Chaque mois, nous partageons les conclusions du comité d’investissement stratégique mensuel qui résume les vues d'Ostrum sur l’économie, la stratégie et les marchés.
La lettre du CIO
2024: In Fed we trust!
L’écart de croissance entre les États-Unis et l’Europe devrait perdurer en 2024. Certes, l’économie américaine subira l’incertitude politique avec les présidentielles de l’automne, mais la bonne santé financière des ménages et des entreprises permettra une croissance de 2 %. La désinflation et la détente des conditions financières réduisent le risque de récession. En zone euro, l’économie sort péniblement d’une phase de stagnation, paradoxalement sans impact sur l’emploi. Le redressement de la consommation engendrera une reprise limitée à 0,5 %. En Chine, la priorité du gouvernement redevient la production industrielle après le rebond décevant de la consommation. Les freins structurels à la croissance entretiennent un ralentissement.
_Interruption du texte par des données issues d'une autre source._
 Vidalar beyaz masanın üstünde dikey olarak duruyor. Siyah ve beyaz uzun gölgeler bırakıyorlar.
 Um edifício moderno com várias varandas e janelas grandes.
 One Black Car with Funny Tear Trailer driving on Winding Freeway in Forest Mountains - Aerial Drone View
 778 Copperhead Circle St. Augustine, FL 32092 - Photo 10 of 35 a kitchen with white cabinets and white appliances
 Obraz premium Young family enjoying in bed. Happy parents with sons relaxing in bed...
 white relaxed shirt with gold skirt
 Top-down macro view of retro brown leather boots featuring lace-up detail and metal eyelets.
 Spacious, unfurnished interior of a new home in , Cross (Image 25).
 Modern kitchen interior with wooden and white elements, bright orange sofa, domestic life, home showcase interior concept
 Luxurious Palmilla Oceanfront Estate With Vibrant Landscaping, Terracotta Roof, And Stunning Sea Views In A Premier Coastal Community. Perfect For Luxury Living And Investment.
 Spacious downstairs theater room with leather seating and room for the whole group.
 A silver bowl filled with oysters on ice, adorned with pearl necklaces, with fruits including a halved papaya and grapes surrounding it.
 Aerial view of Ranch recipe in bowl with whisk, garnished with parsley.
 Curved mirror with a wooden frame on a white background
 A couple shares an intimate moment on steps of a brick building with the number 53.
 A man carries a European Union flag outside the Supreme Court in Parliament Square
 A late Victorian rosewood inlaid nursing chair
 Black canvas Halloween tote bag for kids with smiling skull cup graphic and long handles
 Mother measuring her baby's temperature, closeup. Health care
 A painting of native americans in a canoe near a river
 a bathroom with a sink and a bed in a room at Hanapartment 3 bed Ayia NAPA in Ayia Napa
Avec la désinflation, la Fed baissera ses taux à 4 reprises. La BCE suivra avec 3 gestes de 25 pb. L’allègement des taux en parallèle du resserrement quantitatif sera difficile à mener. En cas de difficultés, la Fed abandonnera rapidement le QT. La pression serait alors intense sur la BCE pour en faire de même. Quant au Japon, la sortie des taux négatifs reste hypothétique.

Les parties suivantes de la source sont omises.